Not Pluto. (It's a picture of the sun I took with my iPhone. Don't worry, I didn't look.)

This afternoon I had a disturbing conversation with my 5-year-old.

“Mama.”

“Yo.”

“Neptune is da coldest planet.”

“Really? Are you sure about that?”

“Yeah.”

“Actually, I think Plu-Toe might be a little colder” I said, annunciating the word in case he’d never heard of it before. “Because it’s farther out.”

“Pluto’s not a planet, Mama” my son said, insulted.

“Says who?”

“My teacher.”

“Oh really?”

“Yeah!” my other kid, age 7, chimes in.

“And why is that?” I prod.

I want to know because I suspect they won’t be able to tell me.

And because I like to set traps, I mean, “segue into teachable moments”, for my kids.

Also because I don’t know.

I mean, I heard about this Pluto business when it first went down, or was it in Earth Science?

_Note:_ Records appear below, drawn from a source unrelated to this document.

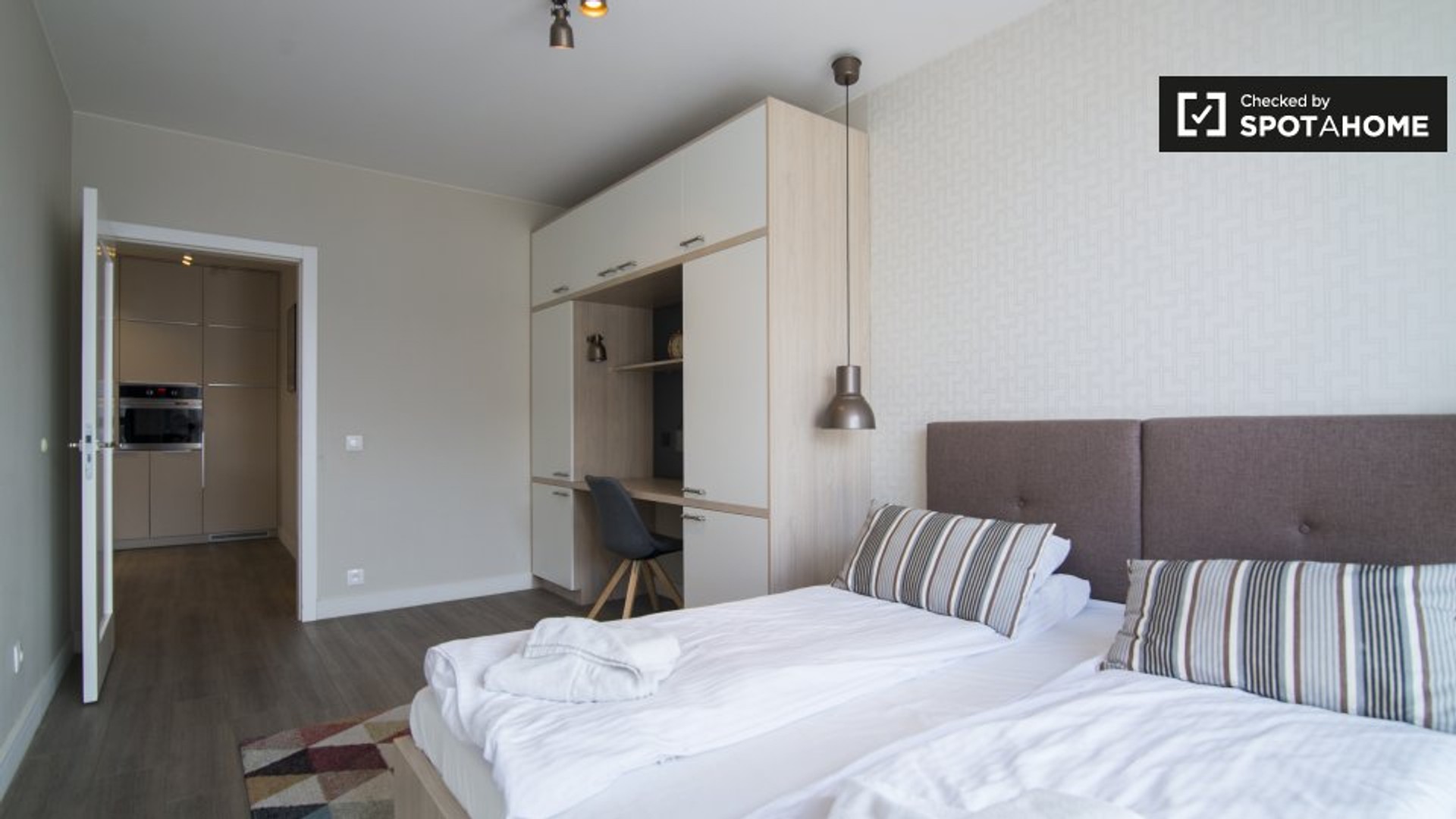 Zakwaterowanie z 3 sypialniami w Gdańsk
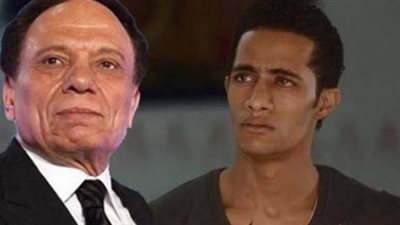 عاجل .. محمد رمضان يورط الزعيم عادل إمام ويستعين به في كليبه الجديد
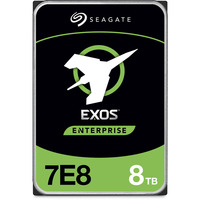Жесткий диск (HDD) Seagate 8Tb Exos 7...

But somehow the reason for its expulsion from the planet club evaded me.

“Because its orbit is all wrong” the V-meister informs me matter-of-factly, like when she’s showing me how to use the TV remote. “Pluto is just another object in the Kuiper Belt.”

“You mean the Milky Way?”

“No, I mean the Kuiper Belt.”

“Well I’ll be darned. What else are they teaching you over at that school?”

“Nothing.”

 

I have to say Pluto’s demotion to space junk still rubs me the wrong way. Sure, it’s old news, but it stings.

Because one day as they’re beaming themselves there, my kids will say to each other using mental telepathy, “Can you believe Mom and Dad used to think this was a planet?” Then they will high five each other and explode into riotous laughter.

Now if you’ll excuse me, I must fetch my loincloth out of the dryer and put some more logs on the fire. If anyone needs me, I’ll be in my cave, drawing.